-- Dataset follows --

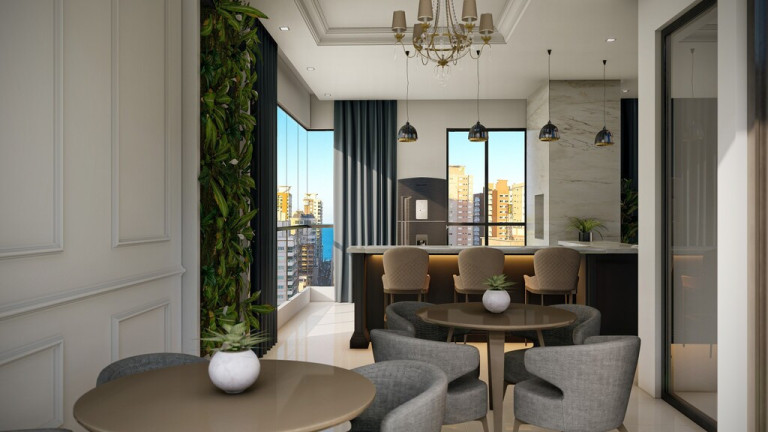 Imagem Apartamento com 3 Quartos à Venda, 115 m² em Itapema - Itapema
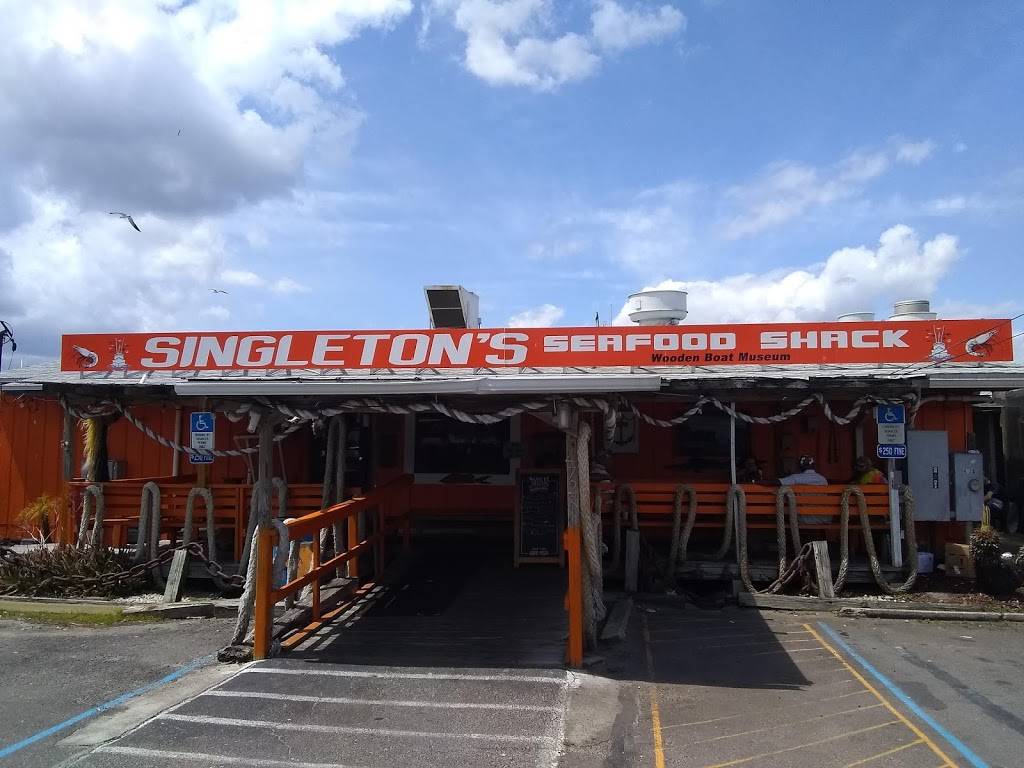 Singletons Seafood Shack | restaurant | 4728 Ocean St, Jacksonville, FL 32233, USA | 9042464442 OR +1 904-246-4442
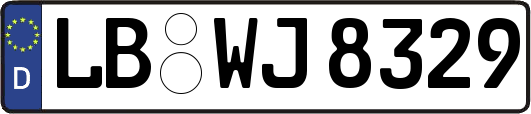 LB-WJ8329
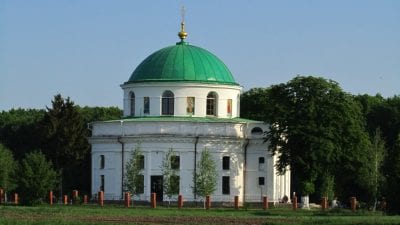Николаевская церковь Диканька Полтавская область, что посмотреть в Диканьке. Афиша Днепра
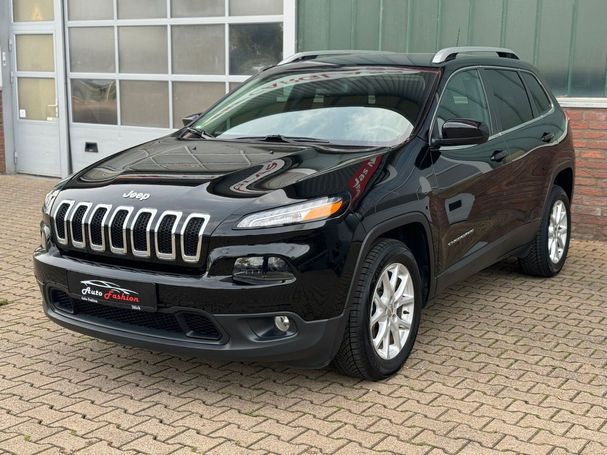 Jeep Cherokee 137 kW image number 1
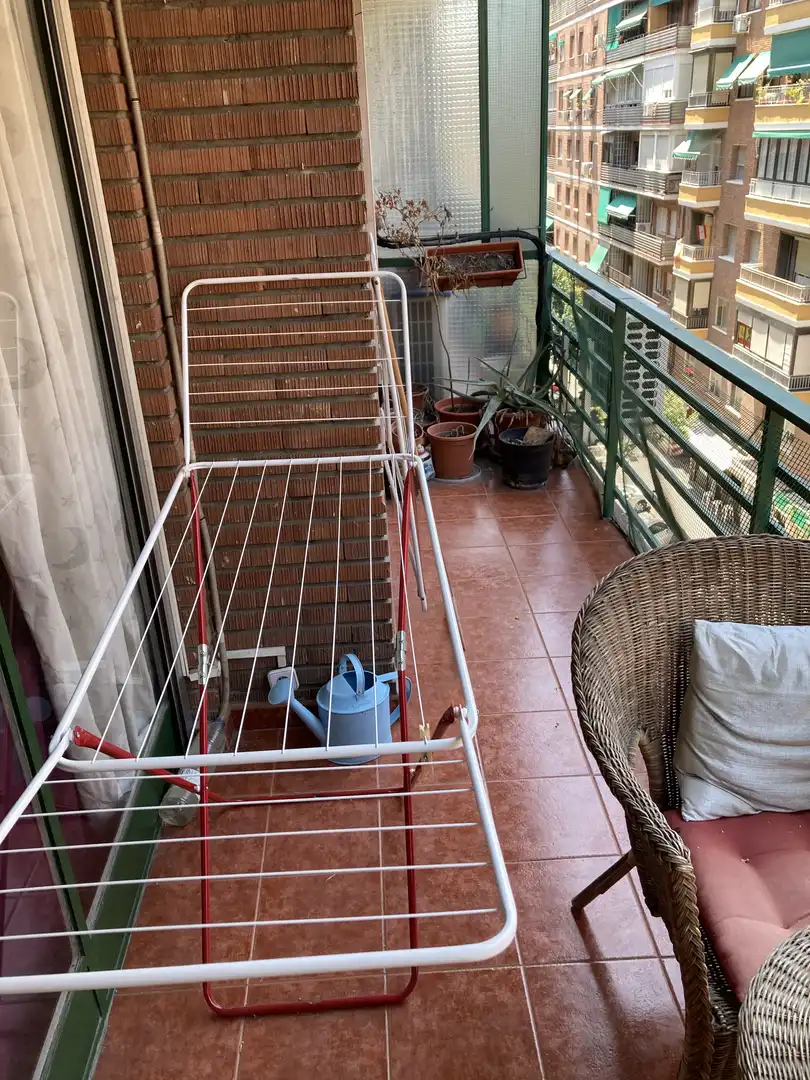 Habitació a Calle de Sánchez Barcáiztegui, 38, Pacífico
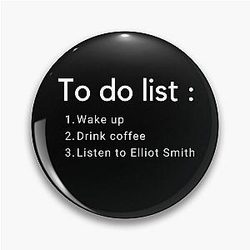 Elliot Smith T-shirt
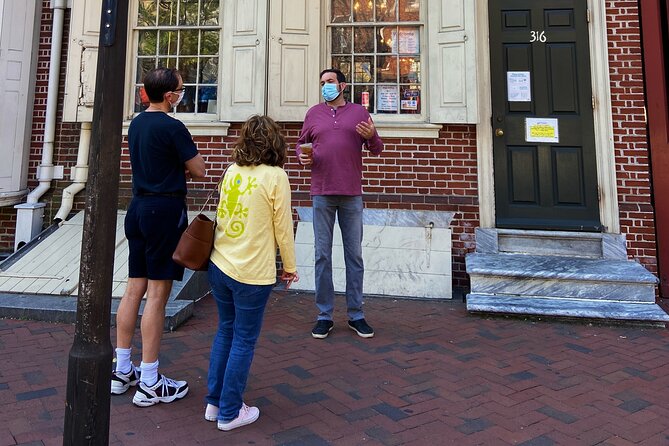 Philadelphia Old City Historic Walking Tour with 10+ Top Sites - Is $43.50 a fair price?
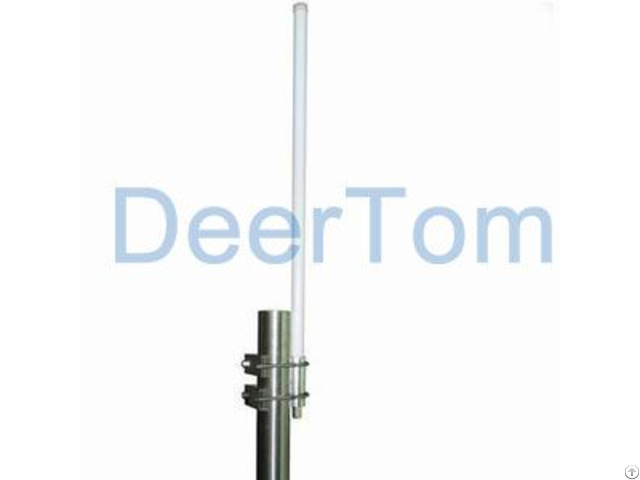 5850mhz 5 8ghz Wifi Wlan Wireless Outdoor Omni Directional Fiberglass Antenna 12dbi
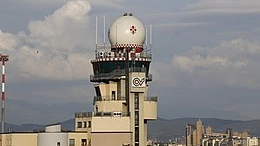 L'aeroporto di Firenze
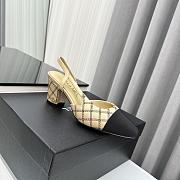 Chanel Slingback Heels 001 - 2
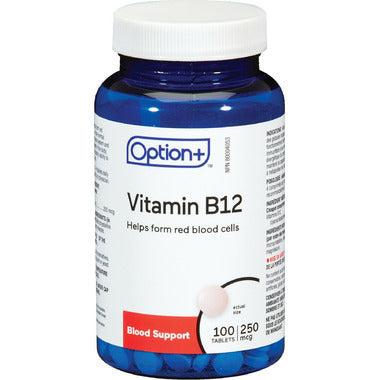 Option Plus Vitamin B12 Image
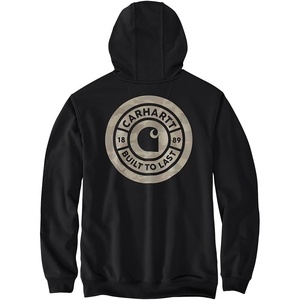 image:imageCarhartt Mens Sawyer Camo SweatshirtBlack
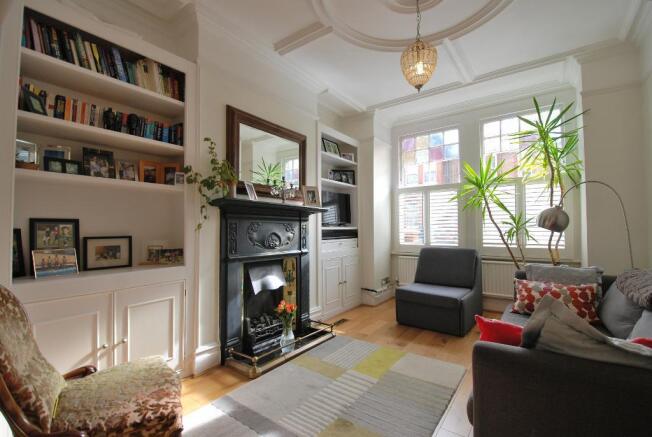 Reception Room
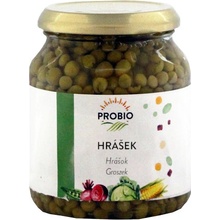 Pro Bio Hrášok sterilizovaný Bio 350g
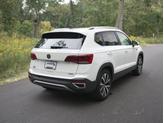 Thumbnail of 2022 Pure White Volkswagen Taos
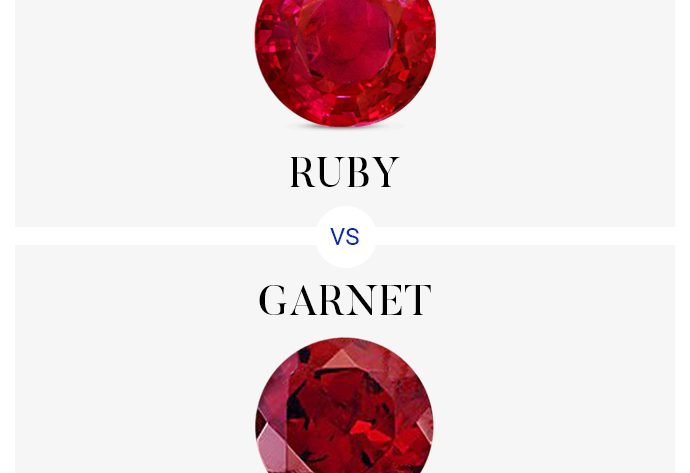 Natural Dark Red Ruby Earring Deep Red Genuine Ruby Studs 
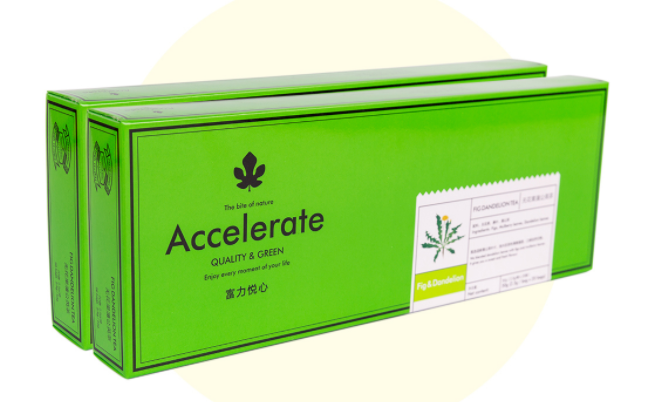 富力悅心食品包裝設(shè)計(jì)欣賞(圖4)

-- Dataset concluded --

● What is being asked
Pictures stay out; output the lines from the top of the listing above through the line containing "Option Plus Vitamin B12 Image", exactly as they stand.

● Written reply
 Imagem Apartamento com 3 Quartos à Venda, 115 m² em Itapema - Itapema
 Singletons Seafood Shack | restaurant | 4728 Ocean St, Jacksonville, FL 32233, USA | 9042464442 OR +1 904-246-4442
 LB-WJ8329
Николаевская церковь Диканька Полтавская область, что посмотреть в Диканьке. Афиша Днепра
 Jeep Cherokee 137 kW image number 1
 Habitació a Calle de Sánchez Barcáiztegui, 38, Pacífico
 Elliot Smith T-shirt
 Philadelphia Old City Historic Walking Tour with 10+ Top Sites - Is $43.50 a fair price?
 5850mhz 5 8ghz Wifi Wlan Wireless Outdoor Omni Directional Fiberglass Antenna 12dbi
 L'aeroporto di Firenze
 Chanel Slingback Heels 001 - 2
 Option Plus Vitamin B12 Image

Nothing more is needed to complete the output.